Everyone has its preferences - you have yours, I have mine. Guys, come down from your high horse, like you have to total, objective truth on your hands.
I mentioned that without knowing that you had a smiley face, I had nothing to attenuate (aka change the volume) of your preset, and thus it sounded poor and overpowering in the mids at my normal volume. That is an objective statement. My preference is subjective, yes, but my observation is completely objective. My comments have been aimed at attempting to help. Knowing that you have a smiley post-Stereo Tool and are tuning the sound to that is actually extremely important, given what I'm referencing below. See the bolded and underlined area.

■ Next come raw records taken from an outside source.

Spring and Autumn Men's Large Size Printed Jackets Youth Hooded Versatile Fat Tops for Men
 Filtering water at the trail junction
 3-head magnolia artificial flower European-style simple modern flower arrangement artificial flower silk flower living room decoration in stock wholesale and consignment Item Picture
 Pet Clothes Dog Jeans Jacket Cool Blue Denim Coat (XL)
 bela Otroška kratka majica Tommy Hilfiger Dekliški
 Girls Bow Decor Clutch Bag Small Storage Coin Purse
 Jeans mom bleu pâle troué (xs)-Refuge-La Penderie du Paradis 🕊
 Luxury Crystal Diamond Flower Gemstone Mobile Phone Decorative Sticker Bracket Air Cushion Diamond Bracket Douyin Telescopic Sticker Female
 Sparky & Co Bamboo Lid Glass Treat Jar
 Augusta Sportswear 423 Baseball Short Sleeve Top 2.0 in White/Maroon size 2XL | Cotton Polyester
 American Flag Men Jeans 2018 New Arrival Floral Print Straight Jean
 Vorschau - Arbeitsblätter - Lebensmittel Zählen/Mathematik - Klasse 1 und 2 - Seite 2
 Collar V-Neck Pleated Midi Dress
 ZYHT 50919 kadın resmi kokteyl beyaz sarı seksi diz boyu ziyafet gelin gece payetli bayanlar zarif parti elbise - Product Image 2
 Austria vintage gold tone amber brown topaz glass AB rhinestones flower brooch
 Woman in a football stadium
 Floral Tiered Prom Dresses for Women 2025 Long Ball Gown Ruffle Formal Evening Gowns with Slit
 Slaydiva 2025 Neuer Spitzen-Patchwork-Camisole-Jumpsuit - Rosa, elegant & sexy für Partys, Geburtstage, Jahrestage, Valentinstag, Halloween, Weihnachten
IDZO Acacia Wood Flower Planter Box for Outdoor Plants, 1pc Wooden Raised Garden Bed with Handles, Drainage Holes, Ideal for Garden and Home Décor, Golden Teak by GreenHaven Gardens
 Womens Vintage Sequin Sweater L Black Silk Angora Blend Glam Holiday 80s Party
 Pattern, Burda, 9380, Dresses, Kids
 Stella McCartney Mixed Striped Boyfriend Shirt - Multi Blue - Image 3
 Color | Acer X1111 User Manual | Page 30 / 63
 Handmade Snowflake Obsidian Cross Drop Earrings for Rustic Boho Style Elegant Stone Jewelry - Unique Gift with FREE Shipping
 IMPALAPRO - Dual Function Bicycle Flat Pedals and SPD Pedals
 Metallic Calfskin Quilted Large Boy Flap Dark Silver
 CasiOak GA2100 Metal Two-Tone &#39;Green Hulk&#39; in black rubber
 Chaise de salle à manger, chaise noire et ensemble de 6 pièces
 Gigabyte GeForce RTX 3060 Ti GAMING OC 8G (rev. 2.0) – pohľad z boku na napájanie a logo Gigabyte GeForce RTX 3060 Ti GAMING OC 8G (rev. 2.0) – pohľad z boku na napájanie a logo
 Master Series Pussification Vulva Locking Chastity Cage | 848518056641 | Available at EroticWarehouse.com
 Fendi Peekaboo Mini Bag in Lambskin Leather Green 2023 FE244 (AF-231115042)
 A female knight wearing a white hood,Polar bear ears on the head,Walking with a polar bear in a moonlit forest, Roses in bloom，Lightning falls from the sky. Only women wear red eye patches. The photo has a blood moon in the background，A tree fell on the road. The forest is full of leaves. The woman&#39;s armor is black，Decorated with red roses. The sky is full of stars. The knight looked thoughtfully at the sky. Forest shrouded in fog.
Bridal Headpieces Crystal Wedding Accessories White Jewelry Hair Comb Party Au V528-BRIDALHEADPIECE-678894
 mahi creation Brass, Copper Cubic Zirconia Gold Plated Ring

The following is text from a white paper written by DTS, Inc., the creator of several industry-standard audio formats, which have been used in theaters for many films (Avatar, Fast Five, The Dark Knight, Titanic, Star Trek, The Matrix, Tron: Legacy, Saving Private Ryan, Star Wars films, and many others) and home theater systems.
http://wwcommunications.com/portfolio/w ... nhance.pdf
Quoting from that white paper, pg. 1 (3rd page of the PDF):
The simple Smiley Face EQ adjustment is successful, to a limited degree, when the volume level is fixed. This is because it boosts frequencies in a manner that roughly compensates for the listener's ability to hear different frequencies, as described by the standard Equal Loudness Contours (see Fletcher-Munson or Robinson-Dadson).
Today, many listeners continue to rely on some form of Smiley Face EQ setting. Some engineers have even used it as a basis for audio mixing during recording sessions. However, any adjustment to volume invalidates these EQ settings. For this imprecise compensation to remain relevant, the Smiley face EQ would need to be re-tuned each time the volume is changed. If not, the audio is likely to become overwhelming at higher listening levels and underwhelming at lower levels. This limits the effective range in which consumer electronics products sound their best.
The white paper continues on discussing about encoding issues that cannot be handled by a standard smiley face, and describes their smarter smiley - dynamic changes rather than a fixed, static setting.
I dont complain around about your presets, because I tolerate yours, so if you dont like mine: Get over it already, nothing more to see here for you.
Again, I've made comments that were objective, and those comments / opinions are backed by supporting literature from industry leaders in sound processing. Do I feel that makes me "better than you"? No. I offered my comments because I had a desire to help. For all the complaining you do about not being tolerant, you are very intolerant of helpful advice.